“The mood-music surrounding the container market has deteriorated further in the last three months,” claims Drewry Shipping Consultants, which has actually devalued its overview for globe container port throughput for the present year et cetera of the five-year perspective in its just recently released Container Market Annual Review and Forecast 2019/20.
Drewry currently anticipates international port throughput to increase by 2.6% in 2019, below the previous 3.0% assumption.
“The weight of risks pressing down on the container market seems to be getting heavier by the day,” stated Simon Heaney, elderly supervisor, container research study at Drewry and also editor of theContainer Forecaster “The scenario has actually been intensified by a support of brand-new issues that mask the marketplace in additional layers of problem and also unpredictability over those that formerly existed.

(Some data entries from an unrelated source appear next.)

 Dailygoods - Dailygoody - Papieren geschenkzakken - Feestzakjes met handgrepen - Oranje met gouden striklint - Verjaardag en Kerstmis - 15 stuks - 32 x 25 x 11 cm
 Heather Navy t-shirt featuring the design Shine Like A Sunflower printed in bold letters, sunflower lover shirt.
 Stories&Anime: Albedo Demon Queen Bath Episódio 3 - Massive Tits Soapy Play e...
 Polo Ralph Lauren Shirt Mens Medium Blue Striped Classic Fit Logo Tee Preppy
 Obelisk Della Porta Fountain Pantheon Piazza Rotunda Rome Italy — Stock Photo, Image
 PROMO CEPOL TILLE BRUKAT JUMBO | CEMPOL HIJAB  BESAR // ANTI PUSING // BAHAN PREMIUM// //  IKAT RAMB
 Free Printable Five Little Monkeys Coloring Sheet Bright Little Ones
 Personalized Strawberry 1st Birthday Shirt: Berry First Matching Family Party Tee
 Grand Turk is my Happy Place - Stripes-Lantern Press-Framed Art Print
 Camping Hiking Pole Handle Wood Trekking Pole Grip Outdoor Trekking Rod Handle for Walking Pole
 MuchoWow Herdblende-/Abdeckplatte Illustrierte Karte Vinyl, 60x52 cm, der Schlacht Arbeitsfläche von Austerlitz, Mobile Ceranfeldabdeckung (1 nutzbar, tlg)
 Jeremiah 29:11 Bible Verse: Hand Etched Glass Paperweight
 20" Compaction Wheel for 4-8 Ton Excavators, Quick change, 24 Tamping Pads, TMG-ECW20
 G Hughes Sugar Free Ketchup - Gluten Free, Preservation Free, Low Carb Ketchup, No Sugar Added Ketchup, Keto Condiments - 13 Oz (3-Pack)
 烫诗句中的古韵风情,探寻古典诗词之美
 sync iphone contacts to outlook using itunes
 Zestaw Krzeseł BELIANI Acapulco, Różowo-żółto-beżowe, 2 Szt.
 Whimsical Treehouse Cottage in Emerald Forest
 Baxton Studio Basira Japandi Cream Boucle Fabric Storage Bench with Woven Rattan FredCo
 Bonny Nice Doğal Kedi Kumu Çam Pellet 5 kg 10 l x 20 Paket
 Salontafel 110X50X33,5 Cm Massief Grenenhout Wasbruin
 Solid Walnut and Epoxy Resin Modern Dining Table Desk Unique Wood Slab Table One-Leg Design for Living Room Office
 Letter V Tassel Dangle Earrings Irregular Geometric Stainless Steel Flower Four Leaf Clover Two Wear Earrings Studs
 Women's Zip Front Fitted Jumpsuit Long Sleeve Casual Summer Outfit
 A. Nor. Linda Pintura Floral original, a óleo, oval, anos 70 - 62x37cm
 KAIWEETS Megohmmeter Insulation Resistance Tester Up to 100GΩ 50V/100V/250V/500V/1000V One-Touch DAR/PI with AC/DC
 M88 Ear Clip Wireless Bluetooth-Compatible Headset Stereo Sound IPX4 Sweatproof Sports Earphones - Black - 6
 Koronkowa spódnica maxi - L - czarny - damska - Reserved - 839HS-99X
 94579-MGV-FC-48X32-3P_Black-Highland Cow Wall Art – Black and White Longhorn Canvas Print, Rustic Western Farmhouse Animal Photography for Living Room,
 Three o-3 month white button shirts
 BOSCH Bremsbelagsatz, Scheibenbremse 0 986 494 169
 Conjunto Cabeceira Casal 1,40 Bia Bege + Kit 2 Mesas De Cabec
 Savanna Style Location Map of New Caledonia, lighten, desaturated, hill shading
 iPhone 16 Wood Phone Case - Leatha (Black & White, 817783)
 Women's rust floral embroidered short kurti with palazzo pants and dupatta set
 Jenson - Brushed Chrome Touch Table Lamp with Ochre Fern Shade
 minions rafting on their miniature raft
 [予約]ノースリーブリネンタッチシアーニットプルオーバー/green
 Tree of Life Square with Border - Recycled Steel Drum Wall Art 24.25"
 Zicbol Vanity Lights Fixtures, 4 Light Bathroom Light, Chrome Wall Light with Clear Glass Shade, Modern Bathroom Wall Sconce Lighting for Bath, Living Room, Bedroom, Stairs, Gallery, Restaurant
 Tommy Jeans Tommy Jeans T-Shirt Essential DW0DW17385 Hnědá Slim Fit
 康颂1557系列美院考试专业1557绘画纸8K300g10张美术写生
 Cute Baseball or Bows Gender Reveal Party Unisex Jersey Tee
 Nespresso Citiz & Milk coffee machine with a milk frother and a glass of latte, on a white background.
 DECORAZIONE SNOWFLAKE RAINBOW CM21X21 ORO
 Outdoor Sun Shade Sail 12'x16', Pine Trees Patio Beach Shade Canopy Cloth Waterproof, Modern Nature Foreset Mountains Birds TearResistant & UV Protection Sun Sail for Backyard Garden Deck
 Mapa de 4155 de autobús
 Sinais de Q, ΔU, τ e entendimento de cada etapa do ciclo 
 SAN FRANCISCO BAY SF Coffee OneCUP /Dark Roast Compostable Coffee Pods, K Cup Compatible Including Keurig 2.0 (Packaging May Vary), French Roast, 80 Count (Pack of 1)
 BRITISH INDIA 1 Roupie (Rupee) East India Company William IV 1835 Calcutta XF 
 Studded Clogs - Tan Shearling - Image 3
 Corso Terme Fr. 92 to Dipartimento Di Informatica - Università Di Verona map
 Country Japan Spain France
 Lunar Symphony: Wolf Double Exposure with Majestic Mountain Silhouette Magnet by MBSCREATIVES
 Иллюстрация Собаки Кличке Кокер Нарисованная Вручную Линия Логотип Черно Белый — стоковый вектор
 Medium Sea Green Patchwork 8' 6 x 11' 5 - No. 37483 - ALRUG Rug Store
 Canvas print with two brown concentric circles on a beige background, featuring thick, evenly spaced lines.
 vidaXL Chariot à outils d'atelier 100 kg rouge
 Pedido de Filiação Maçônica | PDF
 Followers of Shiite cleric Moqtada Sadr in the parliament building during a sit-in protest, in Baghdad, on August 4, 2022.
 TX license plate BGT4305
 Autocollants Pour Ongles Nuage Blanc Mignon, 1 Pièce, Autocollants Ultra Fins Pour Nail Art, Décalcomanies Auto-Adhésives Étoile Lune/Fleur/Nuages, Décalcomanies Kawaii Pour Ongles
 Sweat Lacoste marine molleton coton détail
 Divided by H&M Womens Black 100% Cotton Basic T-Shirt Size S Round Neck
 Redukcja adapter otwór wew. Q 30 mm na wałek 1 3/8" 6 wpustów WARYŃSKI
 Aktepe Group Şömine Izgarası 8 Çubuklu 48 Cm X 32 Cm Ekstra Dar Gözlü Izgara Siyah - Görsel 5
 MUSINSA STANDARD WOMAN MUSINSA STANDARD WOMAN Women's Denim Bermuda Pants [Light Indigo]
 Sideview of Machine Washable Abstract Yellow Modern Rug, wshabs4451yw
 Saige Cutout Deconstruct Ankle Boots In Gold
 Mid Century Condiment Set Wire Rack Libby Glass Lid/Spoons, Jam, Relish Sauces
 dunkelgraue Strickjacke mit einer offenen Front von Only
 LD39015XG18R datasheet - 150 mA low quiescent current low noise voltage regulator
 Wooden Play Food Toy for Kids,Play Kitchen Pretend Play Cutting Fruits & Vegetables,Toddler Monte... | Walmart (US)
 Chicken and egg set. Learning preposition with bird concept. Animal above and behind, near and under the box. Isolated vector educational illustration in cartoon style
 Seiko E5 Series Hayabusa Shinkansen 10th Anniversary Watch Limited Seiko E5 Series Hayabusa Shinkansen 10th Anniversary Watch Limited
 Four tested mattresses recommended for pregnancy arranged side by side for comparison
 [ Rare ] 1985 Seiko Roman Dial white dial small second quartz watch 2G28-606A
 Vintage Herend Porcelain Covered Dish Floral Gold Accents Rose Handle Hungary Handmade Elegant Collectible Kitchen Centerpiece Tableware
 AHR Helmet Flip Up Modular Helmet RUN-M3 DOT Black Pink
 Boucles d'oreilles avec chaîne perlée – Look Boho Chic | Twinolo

“There is a danger that this stream of negative news creates a self-fulfilling prophecy that might run contrary to the facts on the ground. First-half port statistics were reasonably strong and consumer demand had been fairly resilient, all things considered, but some key indicators have more recently taken a sharp decline and we feel it is right to adopt a slightly more cautious attitude.”
INFLUENCE OF IMO 2020
One of the significant dangers recognized in the record is the influence of IMO 2020 on containership supply. There is still no clear assistance on simply just how much added price it will certainly come down on the market and also the current drone assaults on Saudi oil centers muddied the waters when it triggered oil costs to surge.
Drewry’s present quote is that drivers will certainly next year be confronted with an extra $11 billion gas expense connected to the switchover to low-sulfur gas oil and also the level of payment that service providers obtain will certainly determine the degree of supply disturbance following year.
“Our working assumption is that carriers will have more success in recovering that cost than previously, to the point that there will be no major disruption to supply,” statedHeaney “However, if they fall short by a significant margin we think that lines would quickly dust off the decade-old playbook that was used to see them through the global financial crash. There will be much less focus by carriers on service quality and more on cost cutting. In that scenario, carriers will try to protect cash flows by restricting capacity as best they can, through a combination of measures, including further slow-steaming, more blank sailings, and off-hiring of chartered vessels.”
Failure to recuperate even more of the bigger gas expense is additionally most likely to press even more carriers/owners to either have actually even more ships fitted with exhaust scrubbers to be able to proceed working on the less expensive high-sulfur oil, and/or to ramp-up demolitions.
“If events follow this path the supply-demand balance will look very different from our current forecast. The worst case scenario, when most shipping lines cannot operate close to breakeven and some potentially face bankruptcy, would actually be a far quicker route to rebalancing the market than the current plodding track. It would take a very brave carrier to want such a turn of events, but for those that could be sure of coming through the other side, after some initial pain the rewards would be far greater,” statedHeaney “Most shippers accept that they will have to pay more but they rightly expect any increase to be justified with a credible and trusted mechanism – in other words the ball is very much in the carriers’ court.” stated Heaney.